Stored data entries:
▬▬▬▬▬▬

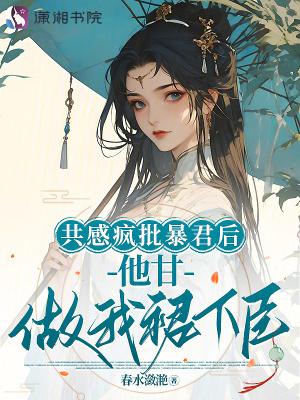 穿越南北朝:这一切从种田开始封面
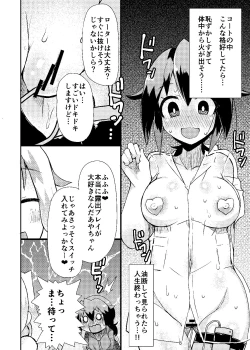 Page 14 of Roshutsu Choukyou Irai 4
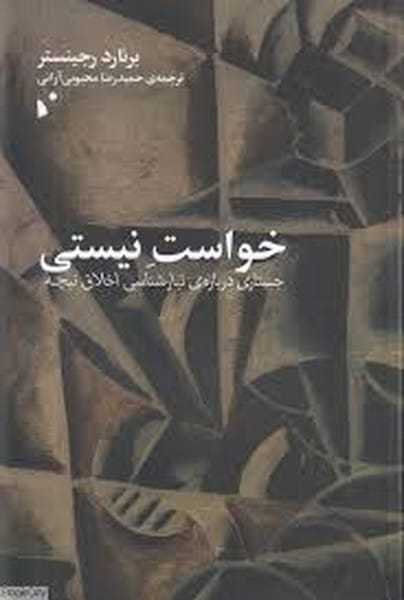 خواست نیستی جستاری درباره ی تبارشناسی اخلاق نیچه - کتابفروشی کوچه کتاب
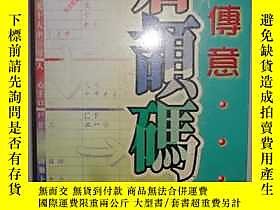 古文物罕見倉頡碼字典（全圖傳意）露天13390 蔡劍南 廣東人民出版社  出版1998 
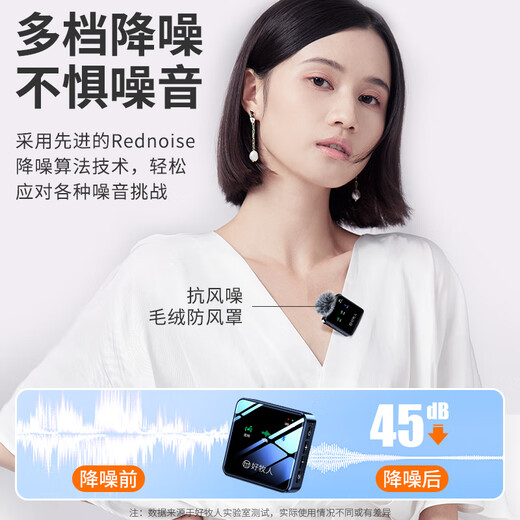 Good Shepherd Wireless Lavalier Live Broadcast Microphone Radio Mic Douyin Anchor Internet Celebrity Outdoor Mobile Phone Computer Recording K Song Shooting Video Noise Reduction Microphone Live Broadcast Sound Card Equipment Dual-mic Radio Noise Reduction Lavalier Microphone + Sound Card Remote Control One-to-One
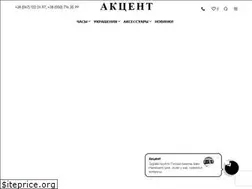 Sites similar to c-watch.com.ua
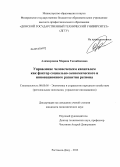 Алимирзаева, Марина Гасанбековна. Управление человеческим капиталом как фактор социально-экономического и инновационного развития региона: дис. кандидат наук: 08.00.05 - Экономика и управление народным хозяйством: теория управления экономическими системами; макроэкономика; экономика, организация и управление предприятиями, отраслями, комплексами; управление инновациями; региональная экономика; логистика; экономика труда. Ростов-на-Дону. 2013. 142 с.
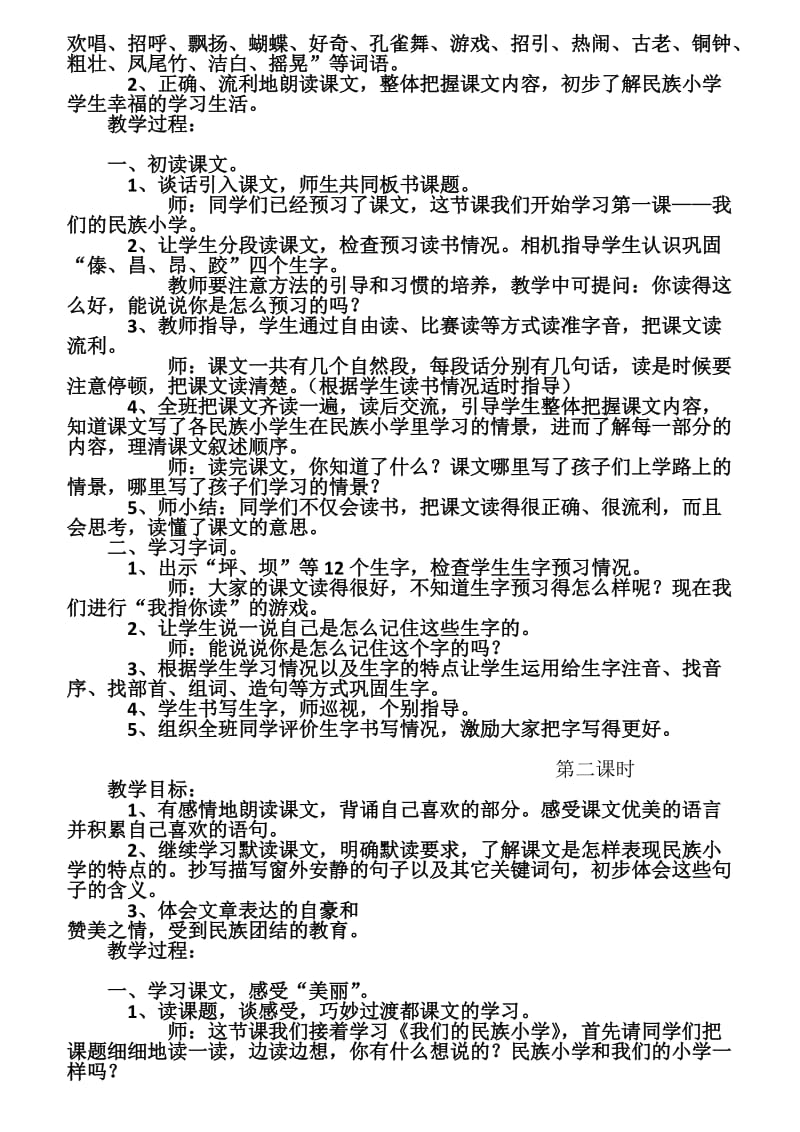 我们的民族小学教学设计.docx_第2页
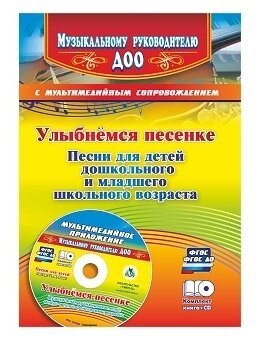Улыбнемся песенке. Песни для детей дошкольного и младшего школьного возраста (+CD). ДО - фото №1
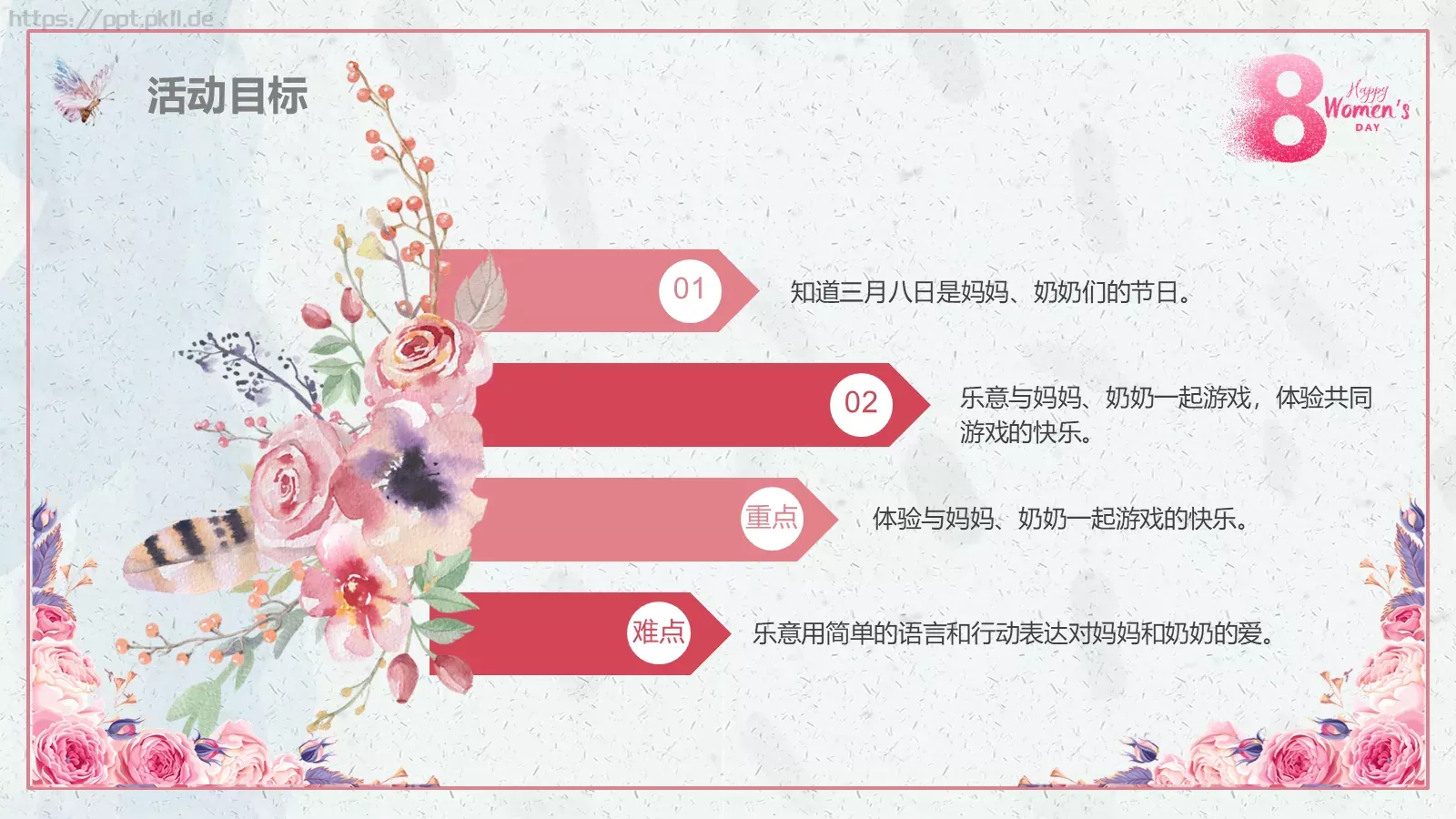 妇女节活动汇报PPT模板 第 6 页预览图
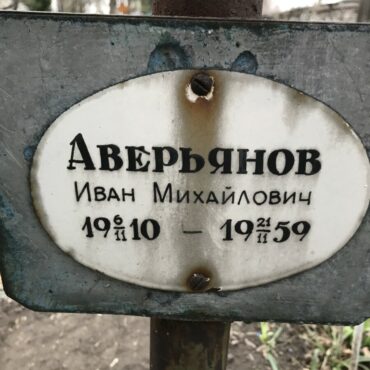 Аверьянов Иван Михайлович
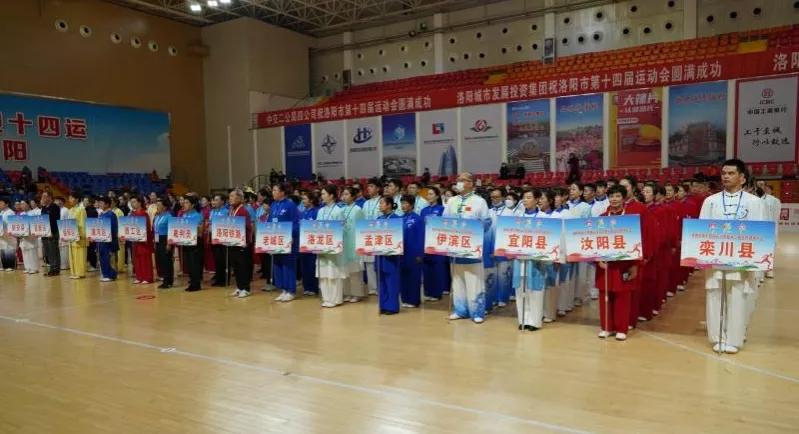 第十四届健身气功比赛视频,全民健身运动会健身气功比赛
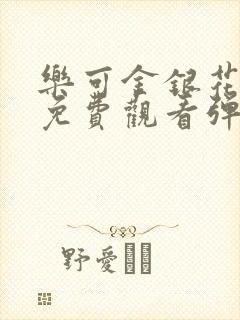 乐可金银花全文免费观看弹窗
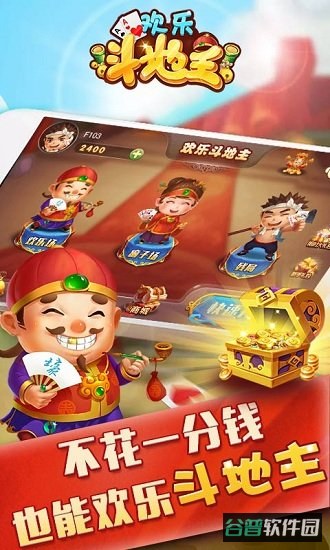 仙游单机欢乐斗地主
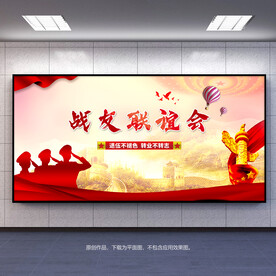 党建展板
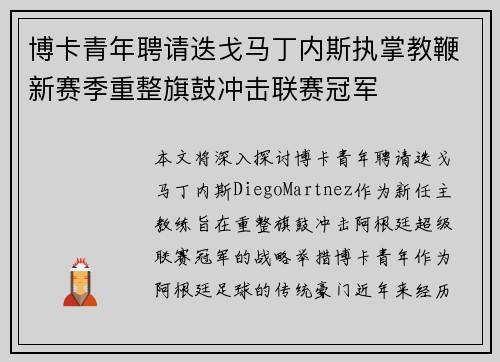 博卡青年聘请迭戈马丁内斯执掌教鞭新赛季重整旗鼓冲击联赛冠军
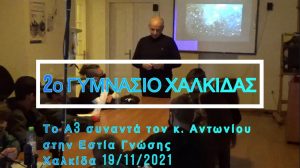 αντωνίου 19 11 2021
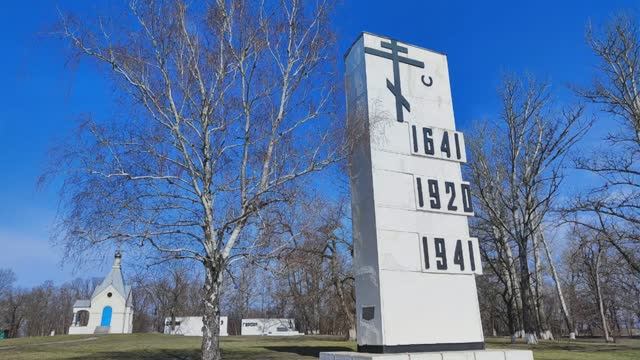 Монастырский городок Март 2025 смотреть онлайн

▬▬▬▬▬▬

WHAT IS BEING ASKED:
Pictures stay out; the data above is to be returned exactly.

SOLUTION FOR THIS TASK:
 穿越南北朝:这一切从种田开始封面
 Page 14 of Roshutsu Choukyou Irai 4
 خواست نیستی جستاری درباره ی تبارشناسی اخلاق نیچه - کتابفروشی کوچه کتاب
 古文物罕見倉頡碼字典（全圖傳意）露天13390 蔡劍南 廣東人民出版社  出版1998 
 Good Shepherd Wireless Lavalier Live Broadcast Microphone Radio Mic Douyin Anchor Internet Celebrity Outdoor Mobile Phone Computer Recording K Song Shooting Video Noise Reduction Microphone Live Broadcast Sound Card Equipment Dual-mic Radio Noise Reduction Lavalier Microphone + Sound Card Remote Control One-to-One
 Sites similar to c-watch.com.ua
 Алимирзаева, Марина Гасанбековна. Управление человеческим капиталом как фактор социально-экономического и инновационного развития региона: дис. кандидат наук: 08.00.05 - Экономика и управление народным хозяйством: теория управления экономическими системами; макроэкономика; экономика, организация и управление предприятиями, отраслями, комплексами; управление инновациями; региональная экономика; логистика; экономика труда. Ростов-на-Дону. 2013. 142 с.
 我们的民族小学教学设计.docx_第2页
Улыбнемся песенке. Песни для детей дошкольного и младшего школьного возраста (+CD). ДО - фото №1
 妇女节活动汇报PPT模板 第 6 页预览图
 Аверьянов Иван Михайлович
 第十四届健身气功比赛视频,全民健身运动会健身气功比赛
 乐可金银花全文免费观看弹窗
 仙游单机欢乐斗地主
 党建展板
 博卡青年聘请迭戈马丁内斯执掌教鞭新赛季重整旗鼓冲击联赛冠军
 αντωνίου 19 11 2021
 Монастырский городок Март 2025 смотреть онлайн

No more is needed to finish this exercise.